It is not the U-turn in foreign policy that Ronald Reagan made with the Soviet Union in his second term. It is more like a skid on an icy road: The Bush administration has lurched from insisting on isolating its enemies abroad to adopting a more sophisticated diplomatic strategy of conditional engagement with North Korea and Iran.
Think about what you have heard, and not heard, in response to North Korea's sudden decision last week to return to the six-party negotiating table in Beijing. What you heard was applause from an administration that in the past insisted on achieving moral clarity in foreign policy by not rewarding adversaries for bad behavior. But when North Korea said it wanted to talk again, the White House issued immediate upbeat assessments - despite Pyongyang's having tested a nuclear weapon three weeks earlier.
I doubt that President Bush has abandoned his black-and-white view of the world's bad and good guys. But Bush has allowed the State Department to outflank Vice President Cheney and others in his administration who prefer confronting the bad guys where possible and the good guys where necessary.

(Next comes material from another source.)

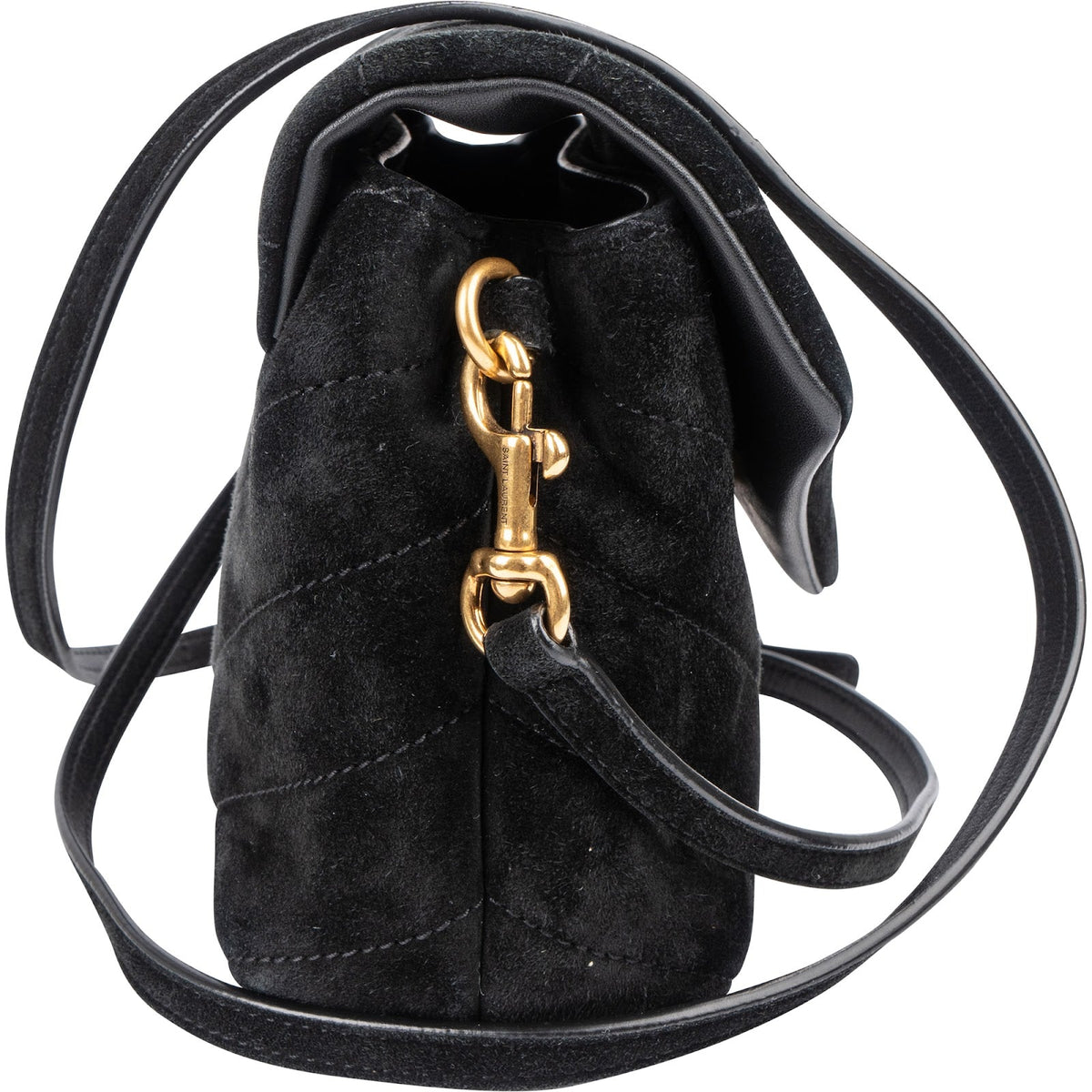 Yves Saint Laurent Quilted Suede Mini Loulou Puffer Crossbody Bag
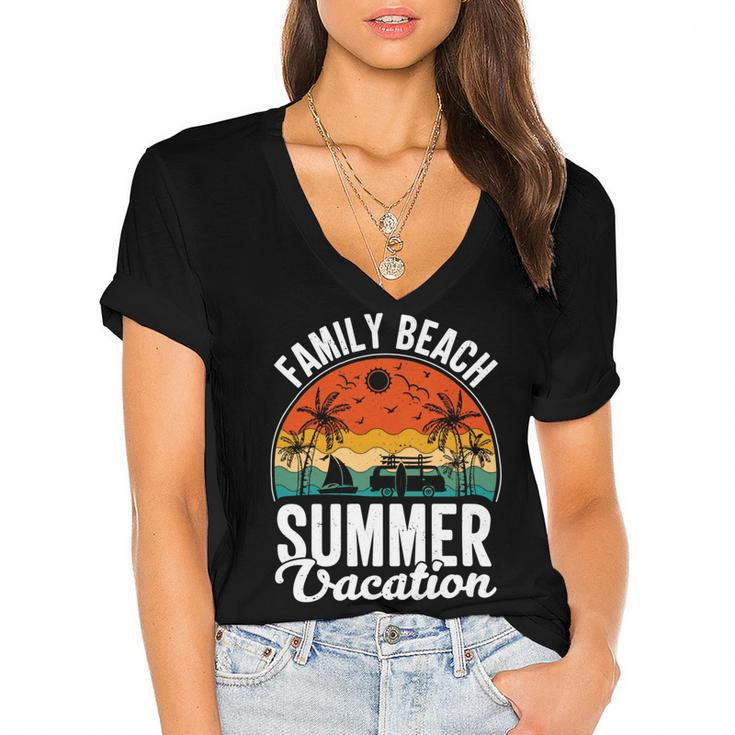 Funny  Enjoy The Summer Family Beach Summer Vacation  Women's Jersey Short Sleeve Deep V-Neck Tshirt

The change is even more pronounced on Iran. While conventional wisdom holds that the administration is at fault for not talking to Iran, it is the Iranians who seem more reluctant today to engage in a serious dialogue with Washington.
A series of public and secret contacts between the two countries in the past two months has underlined the administration's move toward engagement.

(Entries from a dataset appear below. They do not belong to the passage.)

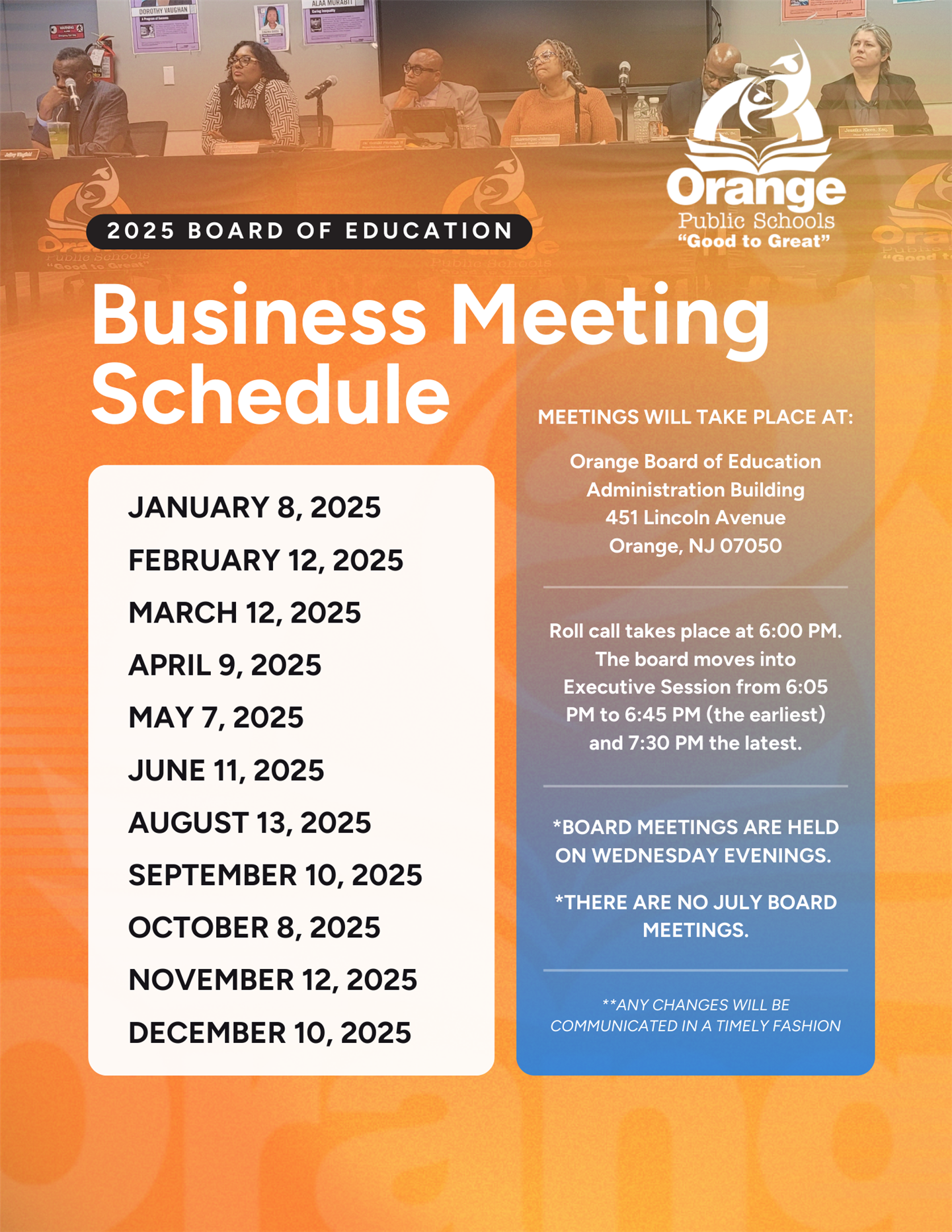 Orange Public Schools 2025 Board of Education Meeting Schedule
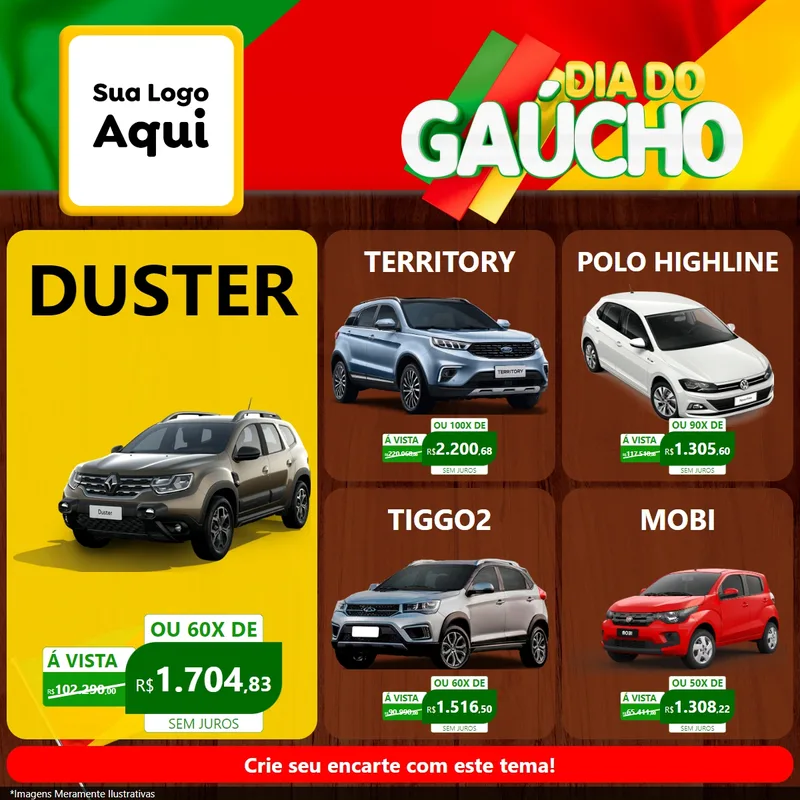 Modelo de Rede Social para Feed Facebook com o tema Dia do Gaúcho para Concessionaria de Carros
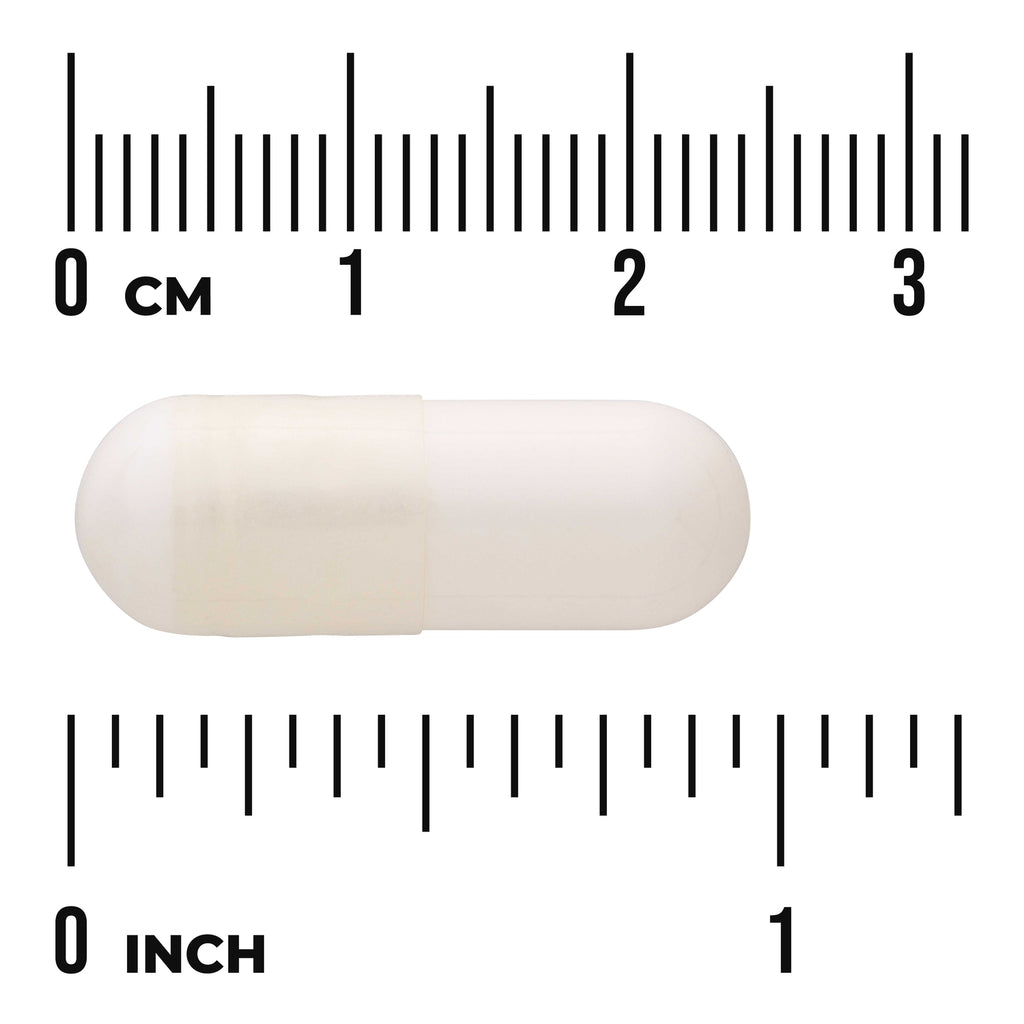 SWU894 | White capsule with size scale labeled CM and INCH - Thumbnail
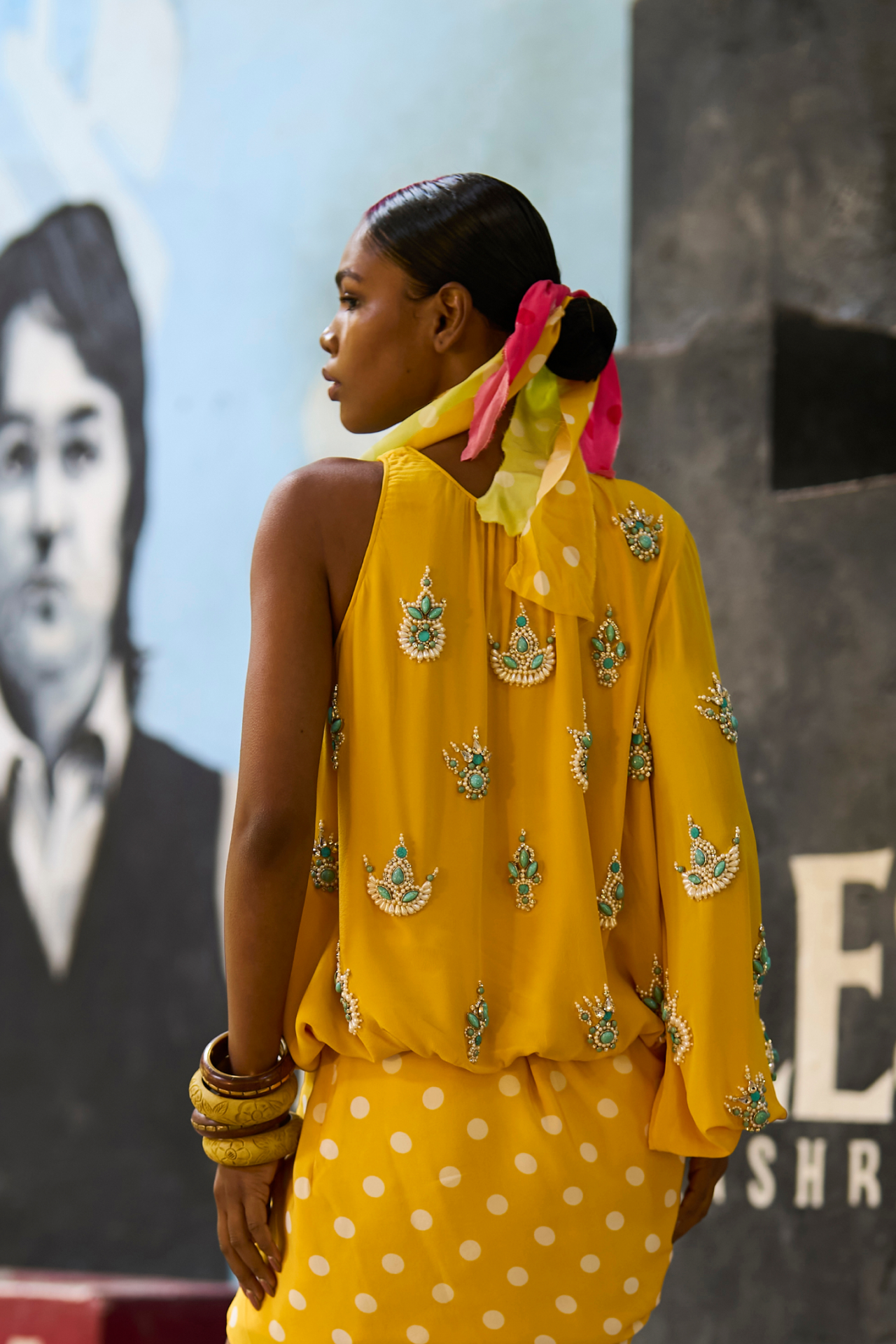Yellow One-Sleeve Embroidered Top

Secretary of State Condoleezza Rice offered to join personally in high-level international negotiations over Iran's nuclear program once the Iranians suspend uranium enrichment for the duration of the talks. That offer has - at her request - been conveyed to Tehran by European negotiators with no results, involved diplomats tell me.
In September, the administration informed Iran directly of its willingness to allow General Electric to export spare parts for turbine engines to Iran Air because of concerns over the airline's safety record. After initially expressing doubt that the offer was genuine, Iran came back with a positive answer, and export permits were issued with little fanfare on Sept. 29.

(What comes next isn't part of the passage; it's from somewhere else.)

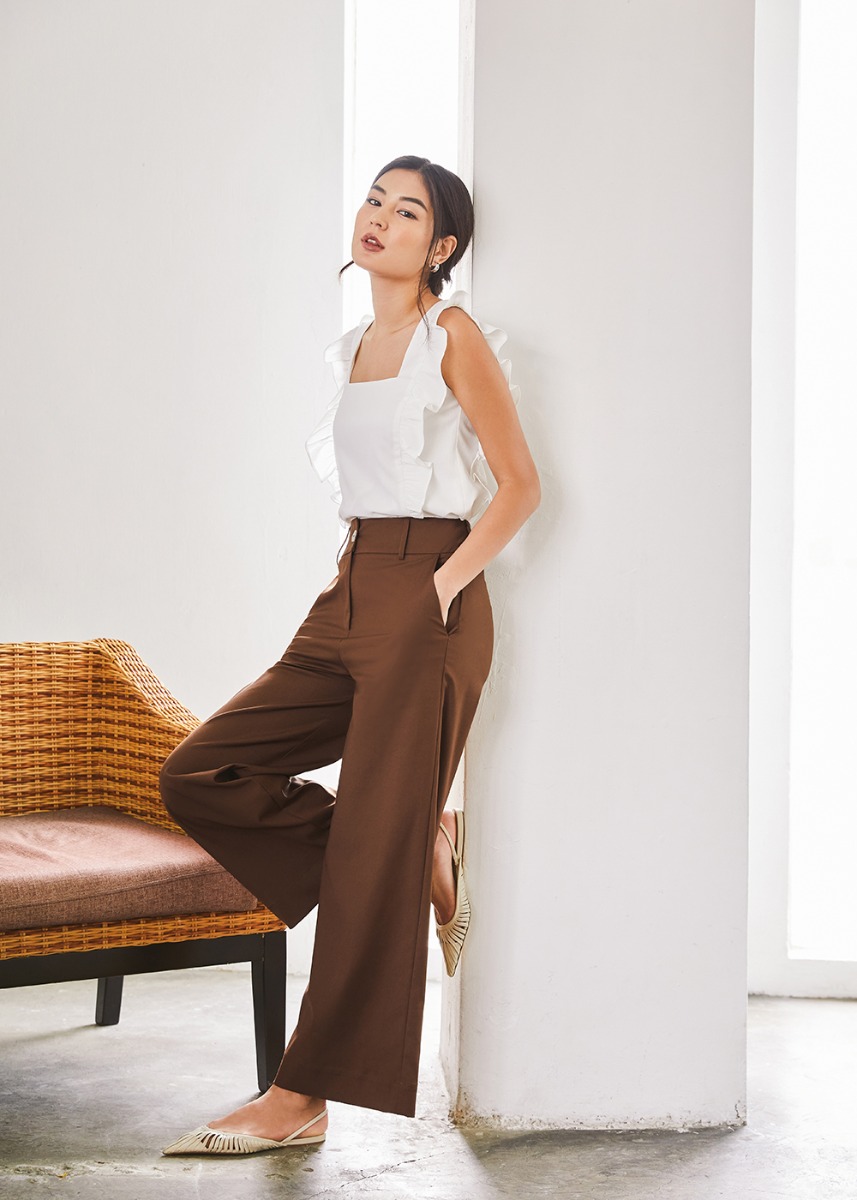 tailored wide leg pants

And when Ali Larijani, Iran's chief nuclear negotiator, suddenly asked U.S. officials to expedite the issuance of 150 visas for the Iranian delegation he wanted to bring with him to New York for a meeting with European Union officials in mid-September, lights were kept burning late in the U.S. Embassy in Berne, Switzerland, to meet the request - only to have Larijani cancel the trip, and then deadlock the talks.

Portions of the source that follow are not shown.